*** Entries shown Section Begins ***

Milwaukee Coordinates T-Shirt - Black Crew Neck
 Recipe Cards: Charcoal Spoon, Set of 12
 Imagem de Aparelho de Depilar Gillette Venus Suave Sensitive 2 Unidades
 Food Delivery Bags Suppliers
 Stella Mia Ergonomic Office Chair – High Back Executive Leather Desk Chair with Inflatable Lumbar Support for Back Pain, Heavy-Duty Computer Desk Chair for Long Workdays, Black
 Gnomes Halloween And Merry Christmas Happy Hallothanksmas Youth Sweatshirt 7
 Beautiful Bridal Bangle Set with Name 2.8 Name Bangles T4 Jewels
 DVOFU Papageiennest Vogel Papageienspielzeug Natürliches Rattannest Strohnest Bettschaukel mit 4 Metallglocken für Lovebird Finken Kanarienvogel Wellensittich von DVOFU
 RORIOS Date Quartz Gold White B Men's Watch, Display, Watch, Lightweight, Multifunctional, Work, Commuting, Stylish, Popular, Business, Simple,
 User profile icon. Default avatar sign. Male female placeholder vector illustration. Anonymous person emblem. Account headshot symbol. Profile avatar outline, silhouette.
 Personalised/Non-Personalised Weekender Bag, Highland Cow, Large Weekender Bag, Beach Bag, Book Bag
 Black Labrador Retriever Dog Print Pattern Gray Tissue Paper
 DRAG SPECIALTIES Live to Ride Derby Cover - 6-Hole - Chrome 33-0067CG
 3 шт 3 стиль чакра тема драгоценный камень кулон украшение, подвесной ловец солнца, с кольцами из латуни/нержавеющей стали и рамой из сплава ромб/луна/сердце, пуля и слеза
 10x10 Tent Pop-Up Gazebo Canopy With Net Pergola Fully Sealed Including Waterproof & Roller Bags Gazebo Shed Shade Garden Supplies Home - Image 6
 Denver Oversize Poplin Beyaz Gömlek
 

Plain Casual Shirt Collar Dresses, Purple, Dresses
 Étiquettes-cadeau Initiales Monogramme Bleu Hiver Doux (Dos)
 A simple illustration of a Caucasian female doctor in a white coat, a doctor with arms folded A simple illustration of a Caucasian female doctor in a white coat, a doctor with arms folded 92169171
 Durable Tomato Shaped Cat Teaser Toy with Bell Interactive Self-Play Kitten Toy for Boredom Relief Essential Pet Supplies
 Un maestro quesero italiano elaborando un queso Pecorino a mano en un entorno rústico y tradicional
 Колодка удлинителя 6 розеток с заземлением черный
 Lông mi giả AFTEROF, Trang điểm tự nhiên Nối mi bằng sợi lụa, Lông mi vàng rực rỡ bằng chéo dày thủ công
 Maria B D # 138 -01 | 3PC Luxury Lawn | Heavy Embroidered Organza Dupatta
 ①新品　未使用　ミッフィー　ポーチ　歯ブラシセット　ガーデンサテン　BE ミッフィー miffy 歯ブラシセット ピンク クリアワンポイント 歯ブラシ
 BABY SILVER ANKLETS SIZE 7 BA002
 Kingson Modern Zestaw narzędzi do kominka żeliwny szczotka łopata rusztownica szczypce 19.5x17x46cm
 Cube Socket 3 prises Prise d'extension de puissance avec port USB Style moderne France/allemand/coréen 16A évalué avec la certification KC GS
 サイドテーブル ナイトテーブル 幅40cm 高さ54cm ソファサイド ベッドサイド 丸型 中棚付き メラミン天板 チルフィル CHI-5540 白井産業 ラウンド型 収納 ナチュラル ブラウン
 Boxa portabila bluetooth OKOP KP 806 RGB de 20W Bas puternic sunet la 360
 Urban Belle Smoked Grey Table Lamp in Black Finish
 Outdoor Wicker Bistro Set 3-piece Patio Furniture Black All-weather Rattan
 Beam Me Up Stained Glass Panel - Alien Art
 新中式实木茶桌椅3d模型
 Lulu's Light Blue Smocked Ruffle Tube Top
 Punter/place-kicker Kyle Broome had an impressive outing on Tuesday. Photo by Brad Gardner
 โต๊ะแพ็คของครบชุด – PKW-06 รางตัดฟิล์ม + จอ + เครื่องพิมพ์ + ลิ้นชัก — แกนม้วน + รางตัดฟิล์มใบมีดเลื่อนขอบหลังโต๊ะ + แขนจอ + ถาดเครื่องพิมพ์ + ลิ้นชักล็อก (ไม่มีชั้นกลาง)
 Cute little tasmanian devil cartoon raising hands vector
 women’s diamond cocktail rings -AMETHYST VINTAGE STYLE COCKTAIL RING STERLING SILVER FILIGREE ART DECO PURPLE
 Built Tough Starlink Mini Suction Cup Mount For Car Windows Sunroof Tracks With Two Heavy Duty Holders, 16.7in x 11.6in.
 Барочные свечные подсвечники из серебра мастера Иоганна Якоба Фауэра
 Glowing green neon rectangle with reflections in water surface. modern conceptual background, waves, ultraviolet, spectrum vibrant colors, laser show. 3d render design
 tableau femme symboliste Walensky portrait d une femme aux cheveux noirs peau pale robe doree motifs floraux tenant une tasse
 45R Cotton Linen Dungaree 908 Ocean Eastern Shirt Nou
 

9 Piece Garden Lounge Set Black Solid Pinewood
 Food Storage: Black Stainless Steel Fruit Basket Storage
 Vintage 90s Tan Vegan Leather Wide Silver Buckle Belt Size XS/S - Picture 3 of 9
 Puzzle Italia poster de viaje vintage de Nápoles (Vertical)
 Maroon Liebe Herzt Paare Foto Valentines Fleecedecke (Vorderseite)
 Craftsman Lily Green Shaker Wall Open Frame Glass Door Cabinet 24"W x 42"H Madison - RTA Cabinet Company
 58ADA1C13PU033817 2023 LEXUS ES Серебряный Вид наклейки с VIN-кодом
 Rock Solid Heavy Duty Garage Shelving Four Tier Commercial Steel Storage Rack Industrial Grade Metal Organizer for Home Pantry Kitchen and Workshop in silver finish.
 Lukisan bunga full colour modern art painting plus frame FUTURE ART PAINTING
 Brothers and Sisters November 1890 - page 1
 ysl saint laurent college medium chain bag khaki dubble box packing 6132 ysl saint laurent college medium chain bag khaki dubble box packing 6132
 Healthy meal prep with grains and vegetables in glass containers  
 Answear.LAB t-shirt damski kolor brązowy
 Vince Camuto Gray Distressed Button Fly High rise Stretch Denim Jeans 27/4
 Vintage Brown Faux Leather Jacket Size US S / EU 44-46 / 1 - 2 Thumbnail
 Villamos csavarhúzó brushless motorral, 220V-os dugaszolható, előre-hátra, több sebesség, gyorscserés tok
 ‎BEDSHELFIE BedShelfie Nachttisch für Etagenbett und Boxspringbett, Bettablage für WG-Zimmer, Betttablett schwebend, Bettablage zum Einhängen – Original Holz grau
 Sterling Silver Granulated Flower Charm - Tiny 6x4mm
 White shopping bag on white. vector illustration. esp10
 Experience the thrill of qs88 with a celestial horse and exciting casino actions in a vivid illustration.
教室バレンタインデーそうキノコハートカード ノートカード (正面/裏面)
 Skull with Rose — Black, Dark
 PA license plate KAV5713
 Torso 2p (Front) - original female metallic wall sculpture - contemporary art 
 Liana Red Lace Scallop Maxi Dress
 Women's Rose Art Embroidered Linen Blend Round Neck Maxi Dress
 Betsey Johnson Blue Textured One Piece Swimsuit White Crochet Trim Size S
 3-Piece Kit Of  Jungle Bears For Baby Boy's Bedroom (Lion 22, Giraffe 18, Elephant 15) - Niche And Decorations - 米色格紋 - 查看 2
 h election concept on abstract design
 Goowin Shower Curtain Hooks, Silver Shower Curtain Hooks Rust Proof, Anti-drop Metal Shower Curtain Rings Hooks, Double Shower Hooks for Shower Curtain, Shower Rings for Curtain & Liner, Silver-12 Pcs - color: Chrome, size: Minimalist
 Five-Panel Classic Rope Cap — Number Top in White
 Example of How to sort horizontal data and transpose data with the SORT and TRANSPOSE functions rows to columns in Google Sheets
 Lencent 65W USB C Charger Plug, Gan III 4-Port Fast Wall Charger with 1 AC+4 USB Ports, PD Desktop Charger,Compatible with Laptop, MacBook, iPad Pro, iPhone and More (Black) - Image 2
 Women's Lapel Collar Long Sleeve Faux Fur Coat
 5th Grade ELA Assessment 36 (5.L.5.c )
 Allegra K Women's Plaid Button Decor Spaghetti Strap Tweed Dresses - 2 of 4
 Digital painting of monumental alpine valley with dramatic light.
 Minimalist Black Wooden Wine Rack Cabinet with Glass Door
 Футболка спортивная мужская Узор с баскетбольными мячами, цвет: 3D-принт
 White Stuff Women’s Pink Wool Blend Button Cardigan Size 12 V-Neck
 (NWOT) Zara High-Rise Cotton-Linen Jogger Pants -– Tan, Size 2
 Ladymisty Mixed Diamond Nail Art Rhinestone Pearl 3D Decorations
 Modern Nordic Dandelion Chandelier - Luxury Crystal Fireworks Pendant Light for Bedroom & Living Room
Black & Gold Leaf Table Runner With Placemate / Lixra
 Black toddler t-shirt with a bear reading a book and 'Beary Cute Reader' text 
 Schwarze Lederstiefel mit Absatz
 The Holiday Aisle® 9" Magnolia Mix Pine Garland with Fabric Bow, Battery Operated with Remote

*** Entries shown Section Ends ***

Look above for the line with "DVOFU Papageiennest Vogel" and the line with "サイドテーブル ナイトテーブル 幅40cm"; transcribe both and all lines in between, exactly, and nothing else.

> **Result of this task**:
 DVOFU Papageiennest Vogel Papageienspielzeug Natürliches Rattannest Strohnest Bettschaukel mit 4 Metallglocken für Lovebird Finken Kanarienvogel Wellensittich von DVOFU
 RORIOS Date Quartz Gold White B Men's Watch, Display, Watch, Lightweight, Multifunctional, Work, Commuting, Stylish, Popular, Business, Simple,
 User profile icon. Default avatar sign. Male female placeholder vector illustration. Anonymous person emblem. Account headshot symbol. Profile avatar outline, silhouette.
 Personalised/Non-Personalised Weekender Bag, Highland Cow, Large Weekender Bag, Beach Bag, Book Bag
 Black Labrador Retriever Dog Print Pattern Gray Tissue Paper
 DRAG SPECIALTIES Live to Ride Derby Cover - 6-Hole - Chrome 33-0067CG
 3 шт 3 стиль чакра тема драгоценный камень кулон украшение, подвесной ловец солнца, с кольцами из латуни/нержавеющей стали и рамой из сплава ромб/луна/сердце, пуля и слеза
 10x10 Tent Pop-Up Gazebo Canopy With Net Pergola Fully Sealed Including Waterproof & Roller Bags Gazebo Shed Shade Garden Supplies Home - Image 6
 Denver Oversize Poplin Beyaz Gömlek
 

Plain Casual Shirt Collar Dresses, Purple, Dresses
 Étiquettes-cadeau Initiales Monogramme Bleu Hiver Doux (Dos)
 A simple illustration of a Caucasian female doctor in a white coat, a doctor with arms folded A simple illustration of a Caucasian female doctor in a white coat, a doctor with arms folded 92169171
 Durable Tomato Shaped Cat Teaser Toy with Bell Interactive Self-Play Kitten Toy for Boredom Relief Essential Pet Supplies
 Un maestro quesero italiano elaborando un queso Pecorino a mano en un entorno rústico y tradicional
 Колодка удлинителя 6 розеток с заземлением черный
 Lông mi giả AFTEROF, Trang điểm tự nhiên Nối mi bằng sợi lụa, Lông mi vàng rực rỡ bằng chéo dày thủ công
 Maria B D # 138 -01 | 3PC Luxury Lawn | Heavy Embroidered Organza Dupatta
 ①新品　未使用　ミッフィー　ポーチ　歯ブラシセット　ガーデンサテン　BE ミッフィー miffy 歯ブラシセット ピンク クリアワンポイント 歯ブラシ
 BABY SILVER ANKLETS SIZE 7 BA002
 Kingson Modern Zestaw narzędzi do kominka żeliwny szczotka łopata rusztownica szczypce 19.5x17x46cm
 Cube Socket 3 prises Prise d'extension de puissance avec port USB Style moderne France/allemand/coréen 16A évalué avec la certification KC GS
 サイドテーブル ナイトテーブル 幅40cm 高さ54cm ソファサイド ベッドサイド 丸型 中棚付き メラミン天板 チルフィル CHI-5540 白井産業 ラウンド型 収納 ナチュラル ブラウン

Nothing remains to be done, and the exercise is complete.